BACKGROUND ON THE
GAME PASS SHELTER
National Heritage Site declaration: 29 March 2018
The San rock painting site of Game Pass Shelter in the Kamberg Nature Reserve, within the Southern Maloti-Drakensberg World Heritage Site, is one of the most extensive painted panels in South Africa. A wide variety of painted figures adorn the shelter walls, including many eland and human figures, as well as numerous therianthropic figures which are interpreted to depict the embodied esoteric experiences and of indigenous knowledge systems of indigenous societies. Within the environmental and cultural context in which the Game Pass Shelter is located in KwaZulu Natal (KZN), the embodied spiritual experience is understood and known as “Idlozi” (spirit-medium/therapy) experience, among other interpretations.

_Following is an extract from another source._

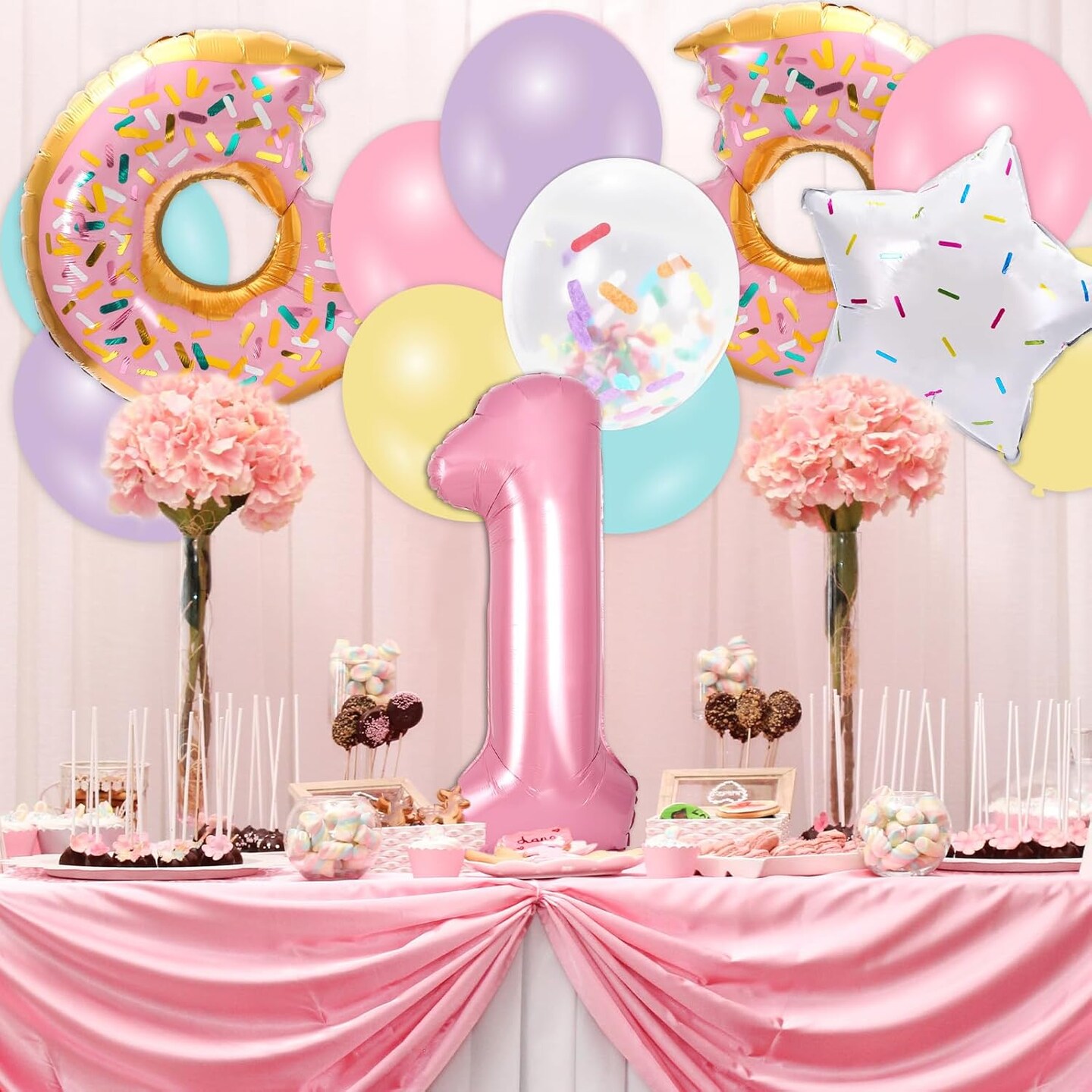 29Pcs Donut First Birthday Party Decorations Colorful Donut Balloons Confetti Star Balloons Number 1 Balloon for Sweet One Donut Birthday Decoration Supplies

The Rock Paintings at Game Pass Shelter offer an opportunity to acknowledge the spiritual depth and social complexity of South African rock art that reinforces the significant links between tangible and intangible heritage that resonates with local communities, in particular, who continue to incorporate sites, such as Game Pass Shelter, into their living heritage, ancestral historical identity and cultural practices. That is, Game Pass Shelter, as one of the seminal sites in the history of rock art research, represents a key turning point (cf. decolonial gaze) in rock art research and interpretation in South Africa. In terms of the National Heritage Resources Act No. 25 of 1999, Section (3)(c) the site yields information that contributed to an understanding of South Africa’s rock art cultural heritage; and had a profound impact on archaeological research theory in South Africa. Game Pass Shelter, additionally, in terms of the National Heritage Resources Act No. 25 of 1999, Section (3)(h) has strong or special association with the life or work of a person, group or organisation of importance in the history of South Africa.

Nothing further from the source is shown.